An exact copy of the data is required. No picture may appear in it.

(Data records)
BEGIN

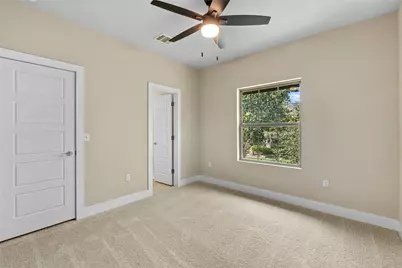 1709 Lawrence Street #5, Austin, TX 78741 - Photo 31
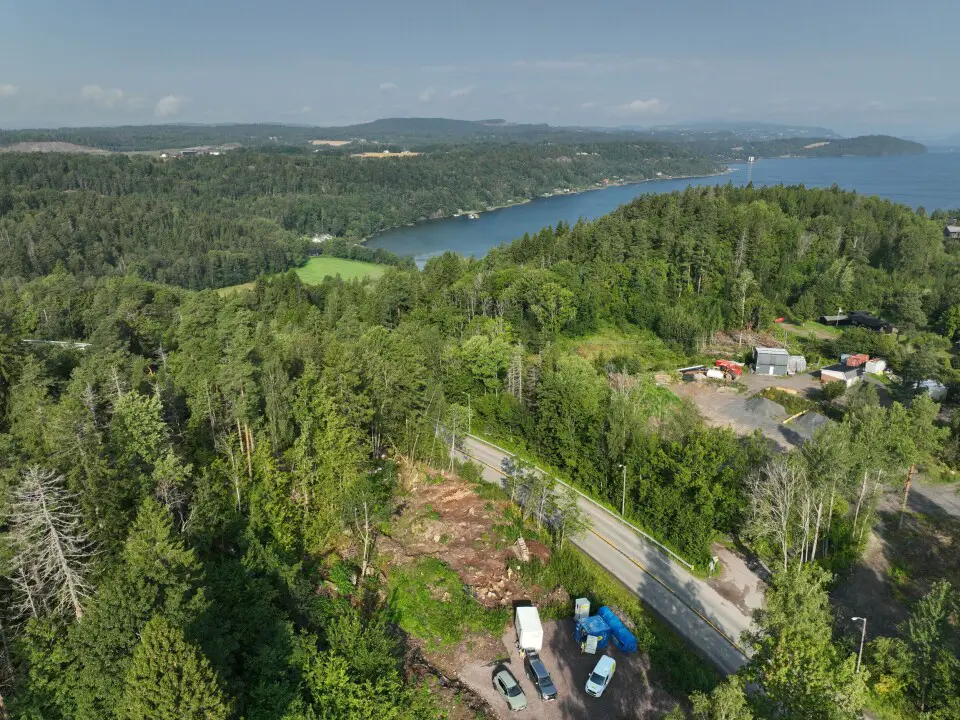 The excavation site is the exposed patch of soil in the middle of the photo. 9,000 years ago, the shoreline reached this very spot. Découverte en Norvège d'un marteau rare datant de l'âge de pierre et vieux de 9 000 ans - 25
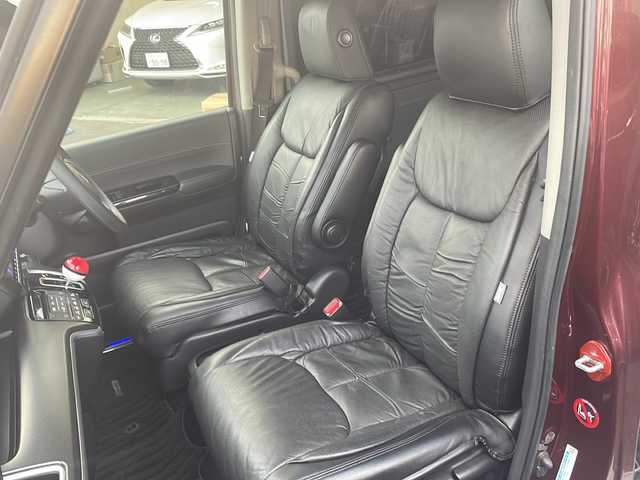 ホンダ ステップワゴン スパーダ ハイブリッド G EX ホンダセンシング 京都府 2018(平30)年 7.9万km プレミアムディープロッソパール 純正９インチナビ　Ｂｌｕｅｔｏｏｔｈオーディオ　ＤＶＤ再生　ＨＤＭＩ　ＵＳＢ　マルチビューモニター　後席フリップダウンモニター　両側パワースライド　アダプティブクルーズコントロール　車高調　ＬＥＤヘッドライト　スマートキー　前後ドライブレコーダー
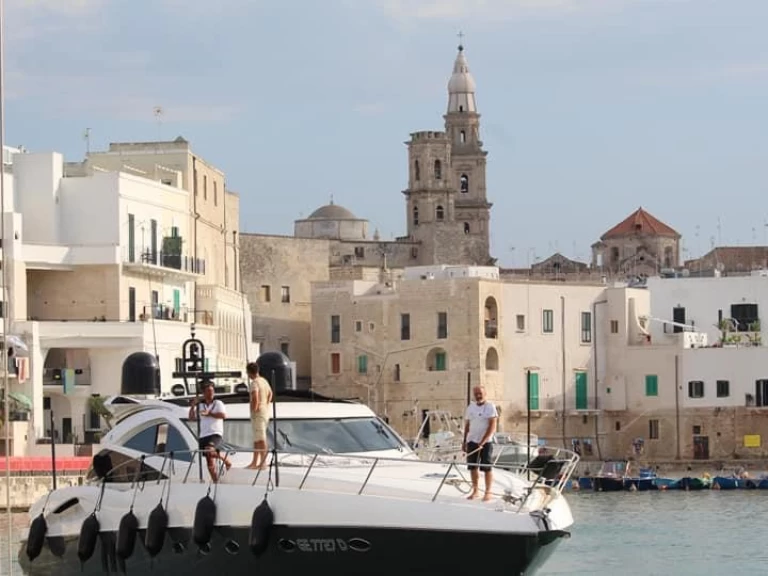 Alquiler Monopoli - Sunseeker Predator 68 en SamBoat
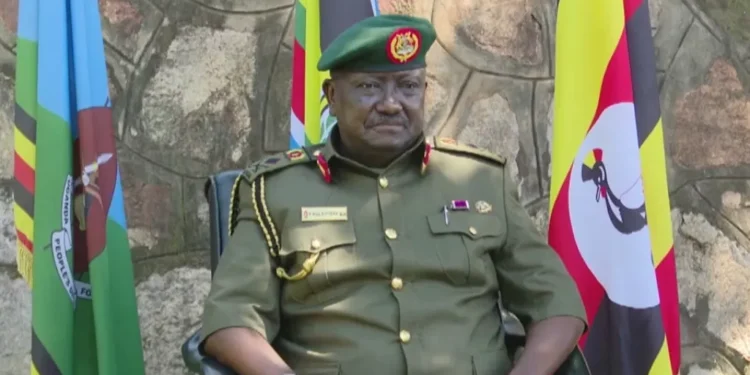 L'Ouganda traque les hommes armés qui ont tué deux touristes et leur guide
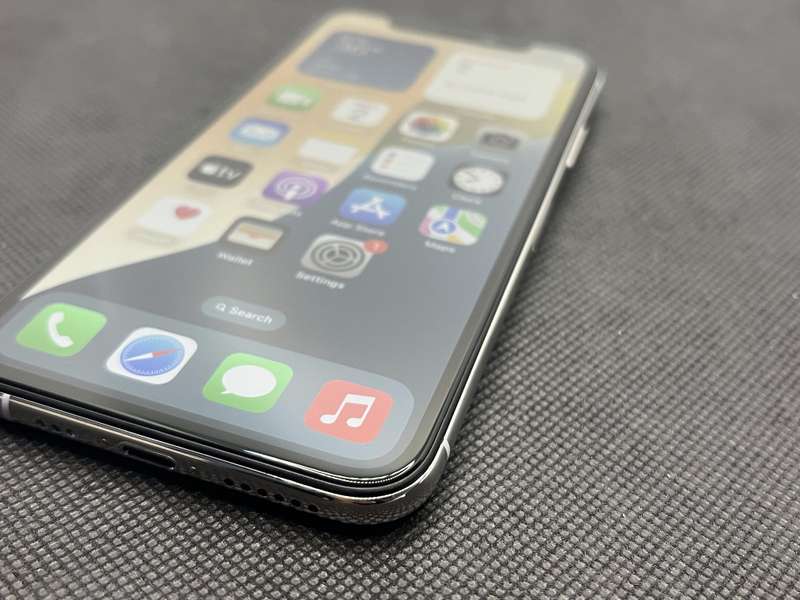 Apple iPhone XS 64GB Silver (3 Month Warranty)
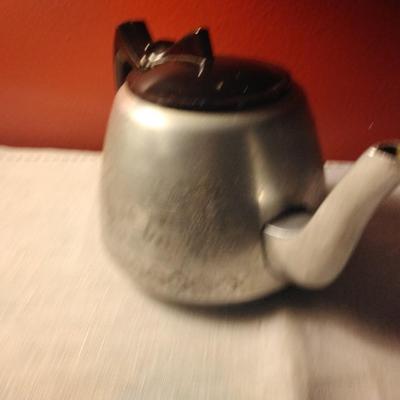 Swan Brand -Willo Ware teapot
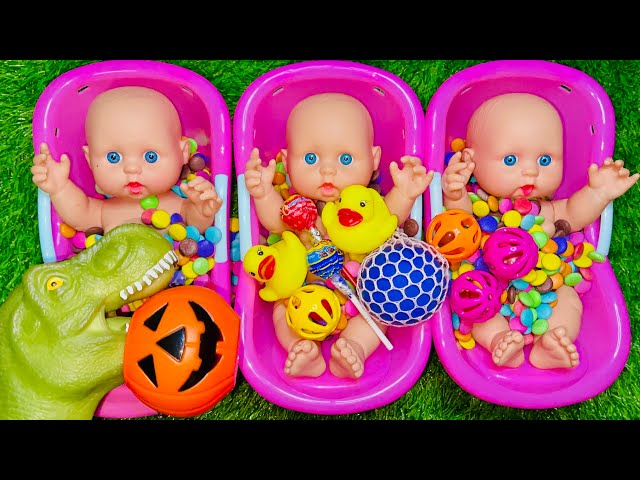 Satisfying video asmr lollipops candy & Funny Make Up in Three Bathtubs with M&M's Slime Video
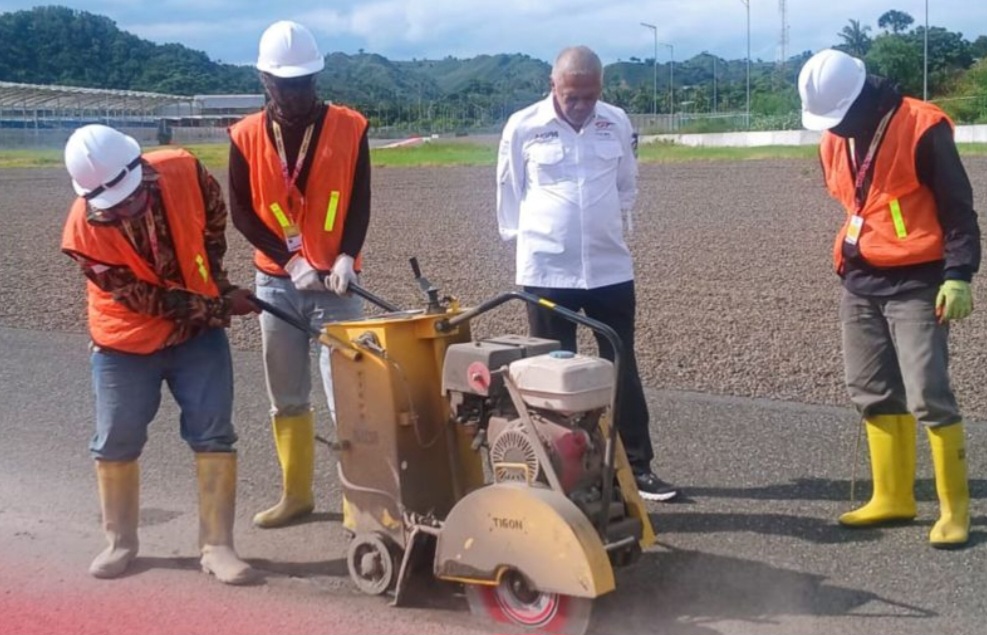 Perbaikan aspal Sirkuit Mandalika, Nusa Tenggara Barat (NTB) dalam rangka mendukung ajang balap mobil Internasional 2025 di Lombok Tengah.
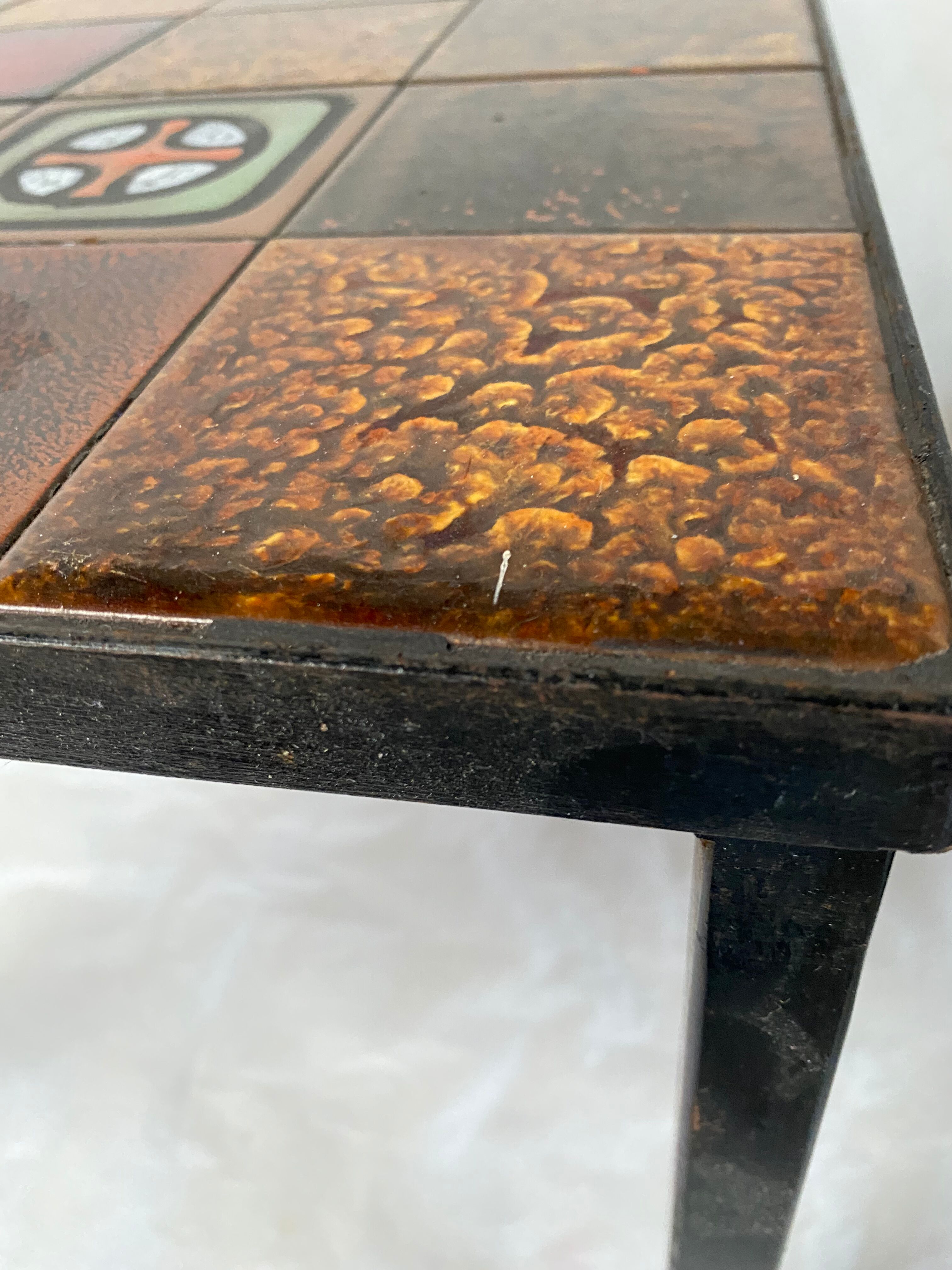 Ceramic side coffee table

END

Response to the task.
 1709 Lawrence Street #5, Austin, TX 78741 - Photo 31
 The excavation site is the exposed patch of soil in the middle of the photo. 9,000 years ago, the shoreline reached this very spot. Découverte en Norvège d'un marteau rare datant de l'âge de pierre et vieux de 9 000 ans - 25
 ホンダ ステップワゴン スパーダ ハイブリッド G EX ホンダセンシング 京都府 2018(平30)年 7.9万km プレミアムディープロッソパール 純正９インチナビ　Ｂｌｕｅｔｏｏｔｈオーディオ　ＤＶＤ再生　ＨＤＭＩ　ＵＳＢ　マルチビューモニター　後席フリップダウンモニター　両側パワースライド　アダプティブクルーズコントロール　車高調　ＬＥＤヘッドライト　スマートキー　前後ドライブレコーダー
 Alquiler Monopoli - Sunseeker Predator 68 en SamBoat
 L'Ouganda traque les hommes armés qui ont tué deux touristes et leur guide
 Apple iPhone XS 64GB Silver (3 Month Warranty)
 Swan Brand -Willo Ware teapot
 Satisfying video asmr lollipops candy & Funny Make Up in Three Bathtubs with M&M's Slime Video
 Perbaikan aspal Sirkuit Mandalika, Nusa Tenggara Barat (NTB) dalam rangka mendukung ajang balap mobil Internasional 2025 di Lombok Tengah.
 Ceramic side coffee table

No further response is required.